A second general way in which auditory and visual speech information takes a similar form is in how it interacts with – and informs about – indexical properties. As discussed in the earlier chapter, there is substantial research showing that both auditory and visual speech functions make use of talker information to facilitate phonetic perception (for reviews, see Nygaard, 2005; Rosenblum, 2005). It is easier to understand speech from familiar speakers (e.g. Borrie et al., 2013; Nygaard, 2005), and easier to lip‐read from familiar faces, even for observers who have no formal lip‐reading experience (e.g. Lander & Davies, 2008; Schweinberger & Soukup, 1998; Yakel, Rosenblum, & Fortier, 2000).

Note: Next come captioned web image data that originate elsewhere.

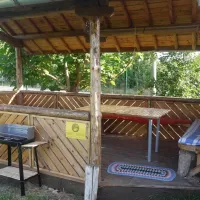kamping-kromidovo-kromidovo-village-9dfrm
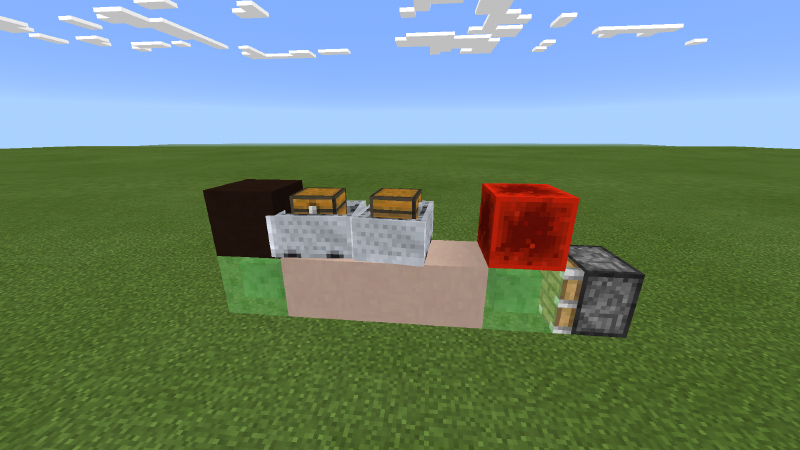 Train car.png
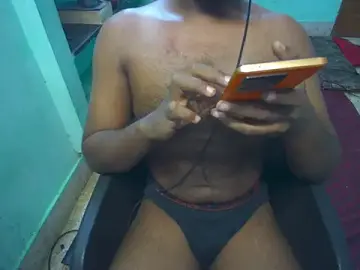 Stripchat Best Webcam of Tamil_KDD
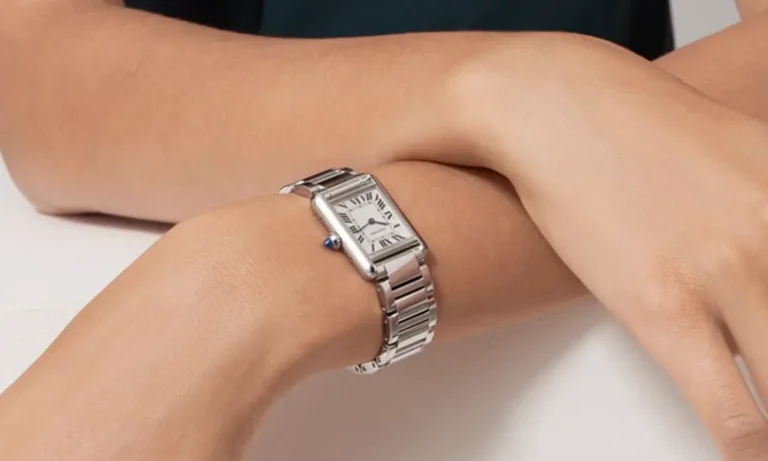 1721379517913-Tips-Memilih-Jam-Tangan-Cartier-Asli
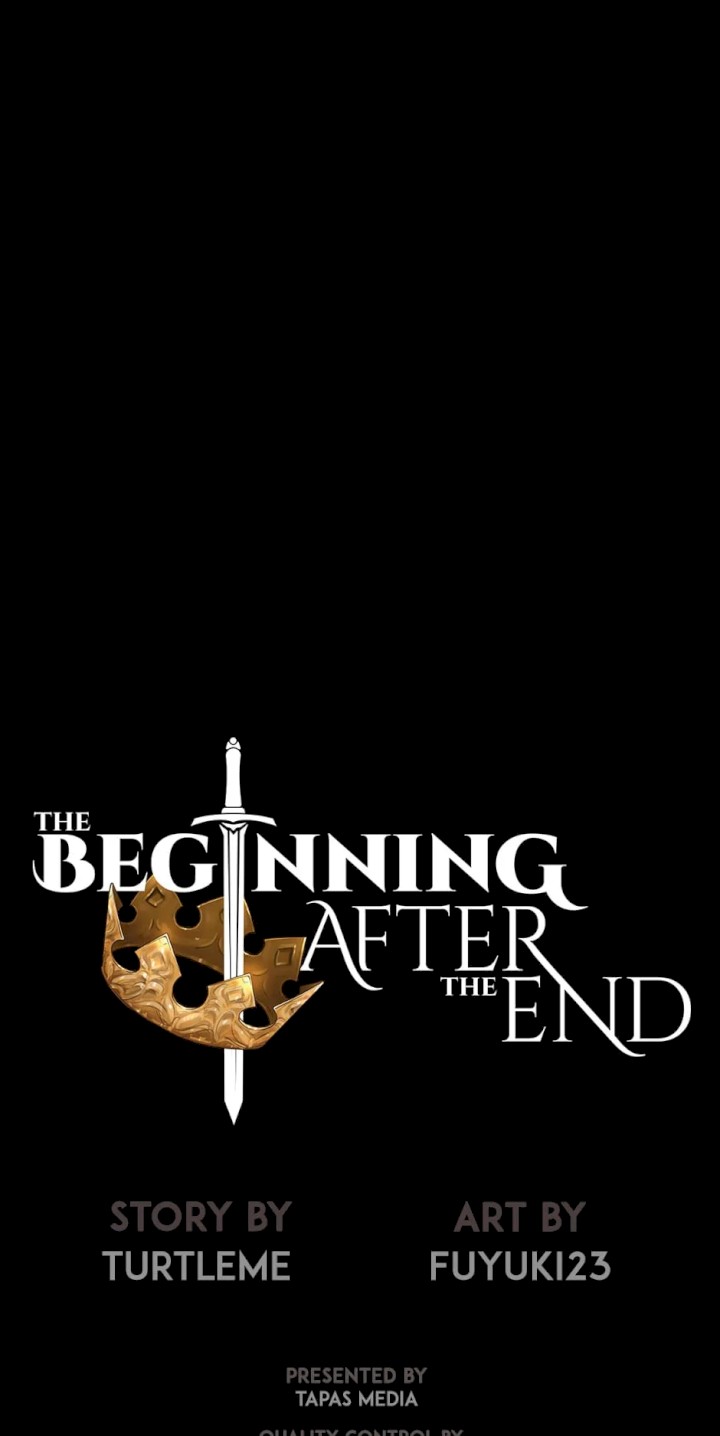 The Beginning After The End: Side Story – Jasmine: Wind-Borne Chapter 51 238 01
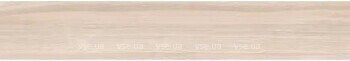 Фото Allore Ceramica плитка Kronos Beige F PR Mat 15x90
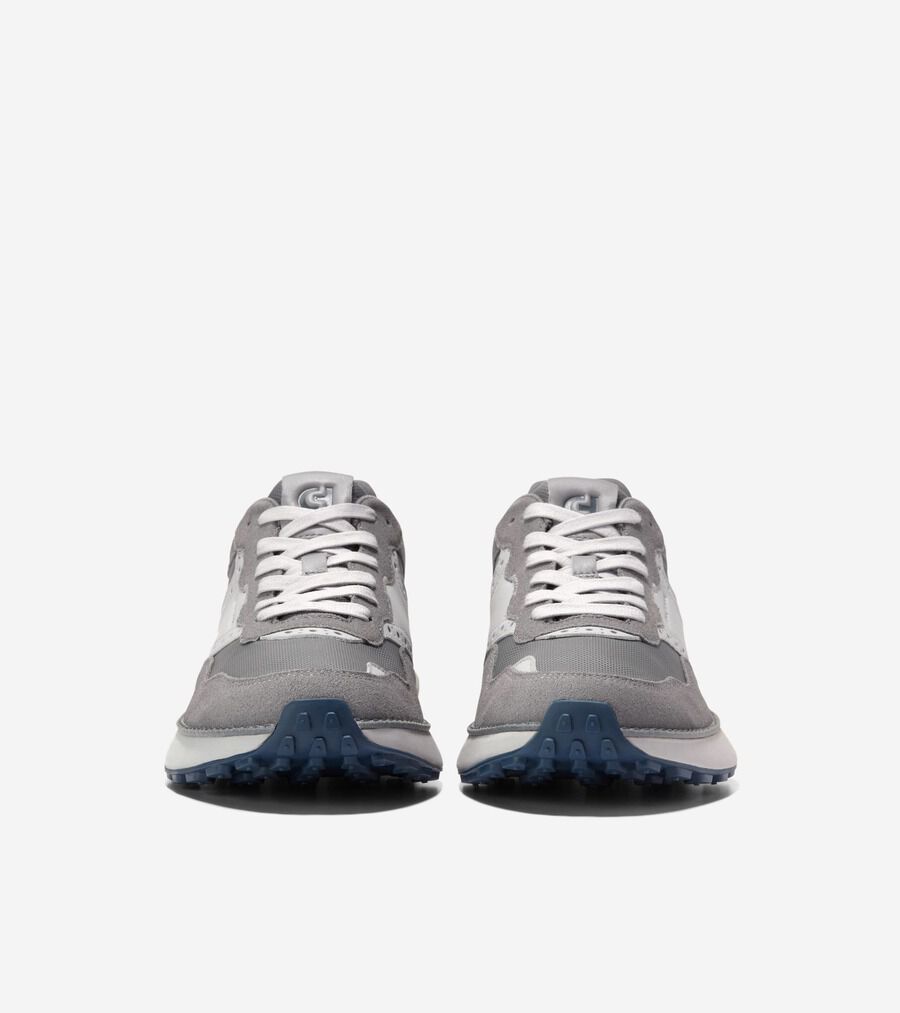 グランドプロ アッシュランド mens 25000 | COLE_HAAN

In these talker‐facilitation effects , it could be that an observer’s phonetic perception is facilitated by their familiarity with the separate vocal and facial characteristics provided by each modality. However, research conducted in our lab suggests that perceivers may also gain experience with the deeper, supramodal talker dimensions available across modalities (Rosenblum, Miller, & Sanchez, 2007; Sanchez, Dias, & Rosenblum, 2013). Our research shows that the talker experience gained through one modality can be shared across modalities to facilitate phonetic perception in the other. For example, becoming familiar with a talker by lip‐reading them (without sound) for one hour allows a perceiver to then better understand that talker’s auditory speech (Rosenblum, Miller, & Sanchez, 2007). Conversely, listening to the speech of a talker for one hour allows a perceiver to better lip‐read from that talker (Sanchez, Dias, & Rosenblum, 2013). Interestingly, this crossmodal talker facilitation works for both old words (perceived during familiarization) and new words, suggesting that the familiarity is not contained in specific lexical representations (Sanchez, Dias, & Rosenblum, 2013). Instead, the learned supramodal dimensions may be based on talker‐specific phonetic information contained in the idiolect of the perceived talker (e.g. Remez, Fellowes, & Rubin, 1997; Rosenblum et al., 2002).